- [Directions] With the images removed, transcribe the listing that follows exactly.

═══ Recorded data ═══

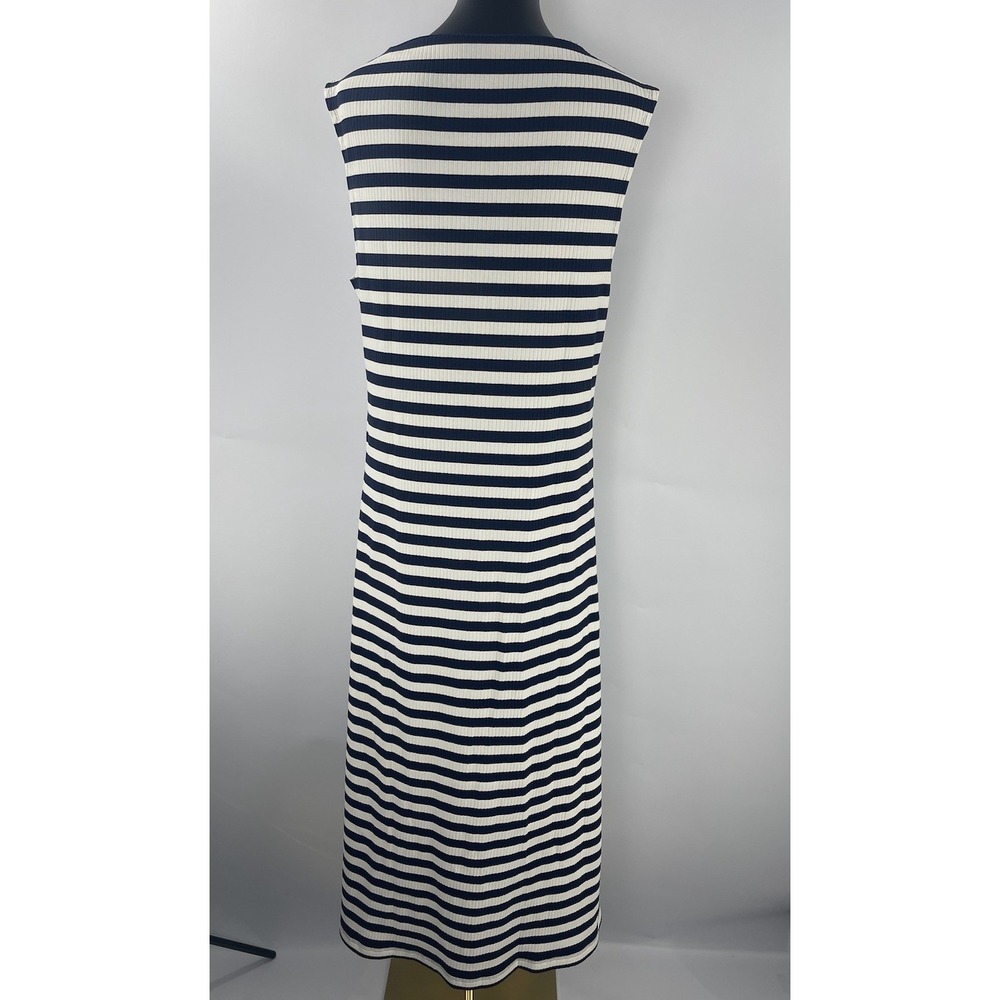 J.CREW Ribbed Midi Dress Navy White Stripe Boatneck Casual Preppy Nautical XL - Picture 3 of 11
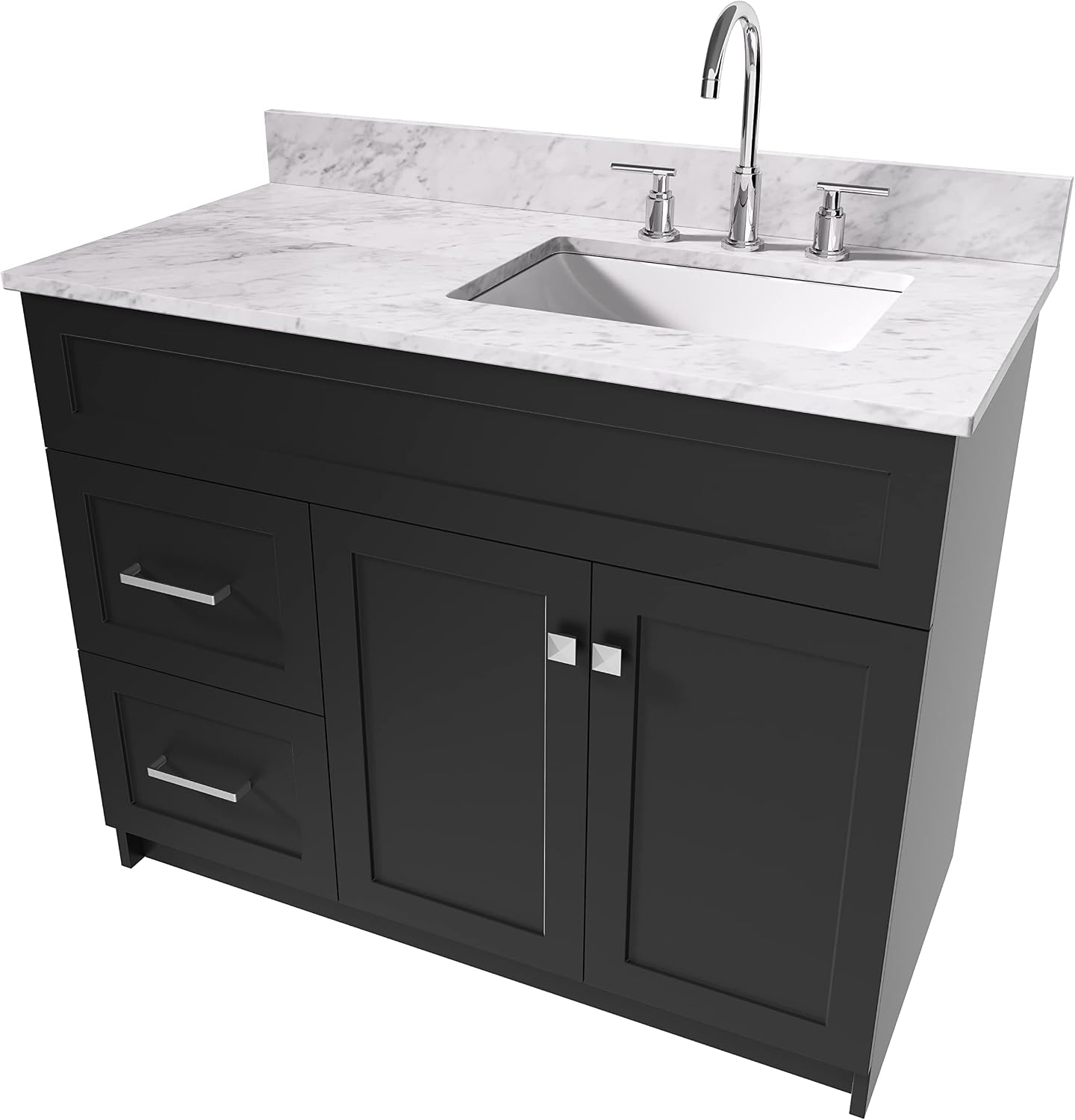 ARIEL Hamlet 43 in. Right Offset Rectangle Sink Vanity with 0.75 in. Carrara White Countertop in Black
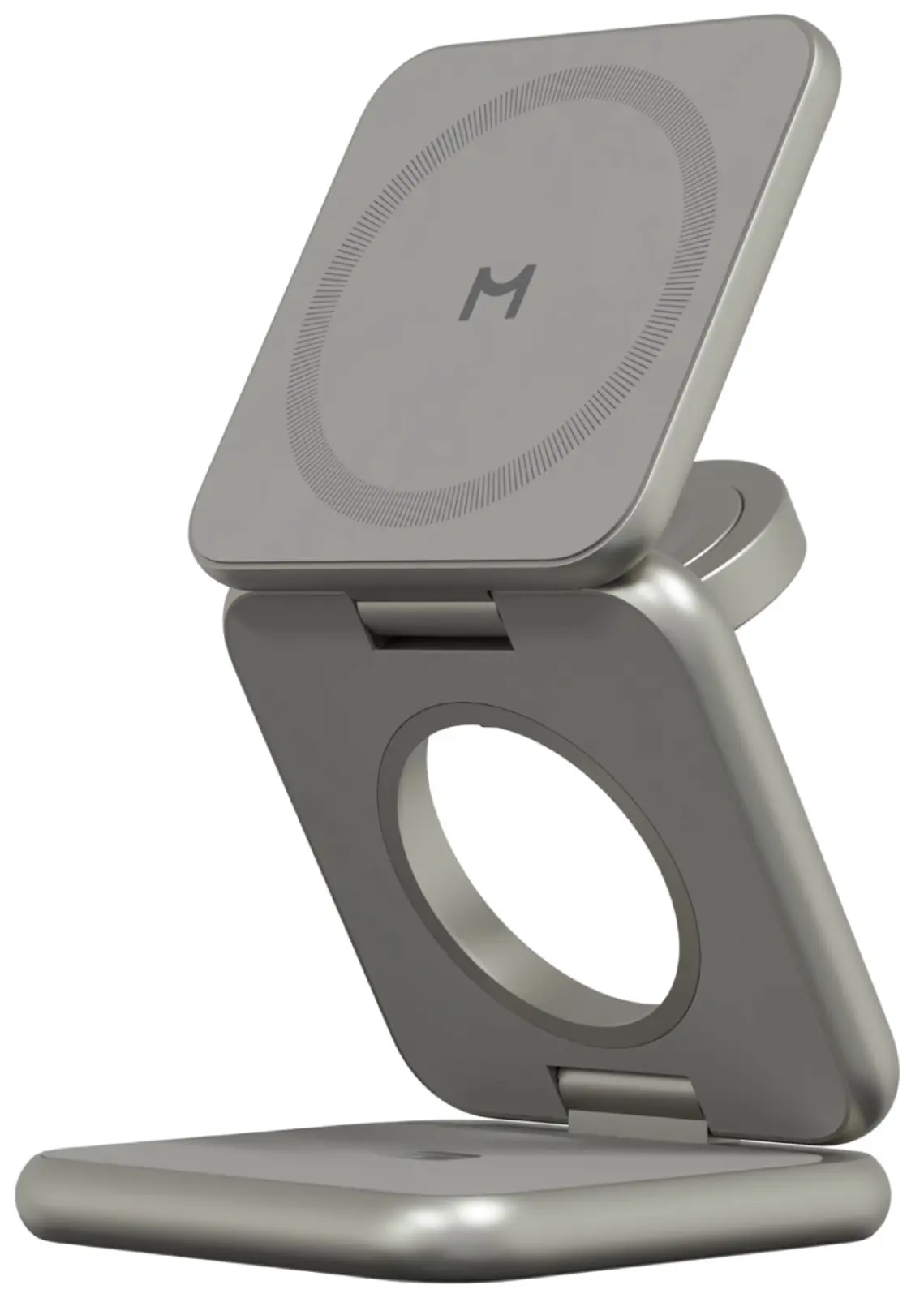 Складное беспроводное зарядное устройство Magssory Fold Pro, 3 в 1, с магнитами, совместимое с Qi2 (titan WCH063)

═══

- [Task solution]
 J.CREW Ribbed Midi Dress Navy White Stripe Boatneck Casual Preppy Nautical XL - Picture 3 of 11
 ARIEL Hamlet 43 in. Right Offset Rectangle Sink Vanity with 0.75 in. Carrara White Countertop in Black
 Складное беспроводное зарядное устройство Magssory Fold Pro, 3 в 1, с магнитами, совместимое с Qi2 (titan WCH063)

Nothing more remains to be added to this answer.